EXERCISE ::
What you return must match the listing exactly, with every image removed.
[[ THE DATA, beginning ]]
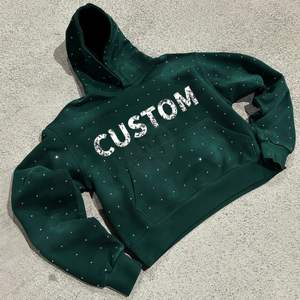 Sudadera con Capucha Verde Gruesa con Logotipo Personalizado y Pedrería, Unisex, Estilo Urbano, 100% Algodón, Resistente al Viento, Ecológica, de Alta Calidad - Product Image 4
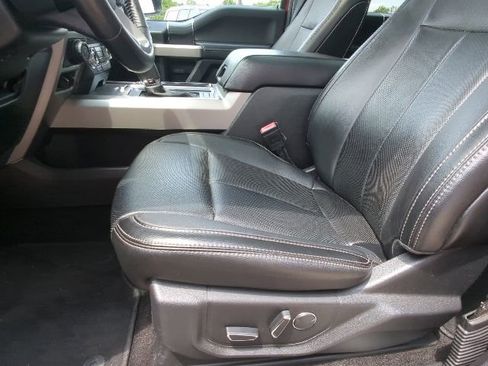 Used 2018 Ford F150 Lariat w/ Equipment Group 502A Luxury AWD/4WD image 10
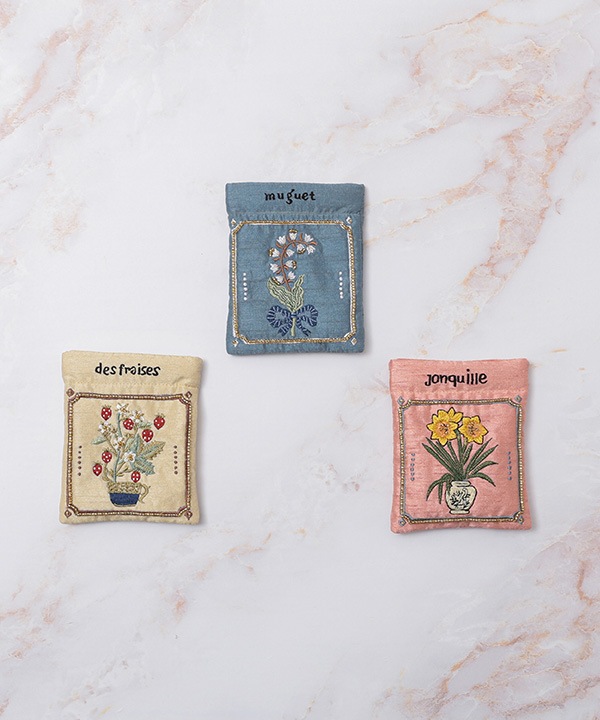 ボタニカル刺繍 ミニポーチ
[[ THE DATA, end ]]
RESPONSE AREA ::
 Sudadera con Capucha Verde Gruesa con Logotipo Personalizado y Pedrería, Unisex, Estilo Urbano, 100% Algodón, Resistente al Viento, Ecológica, de Alta Calidad - Product Image 4
 Used 2018 Ford F150 Lariat w/ Equipment Group 502A Luxury AWD/4WD image 10
 ボタニカル刺繍 ミニポーチ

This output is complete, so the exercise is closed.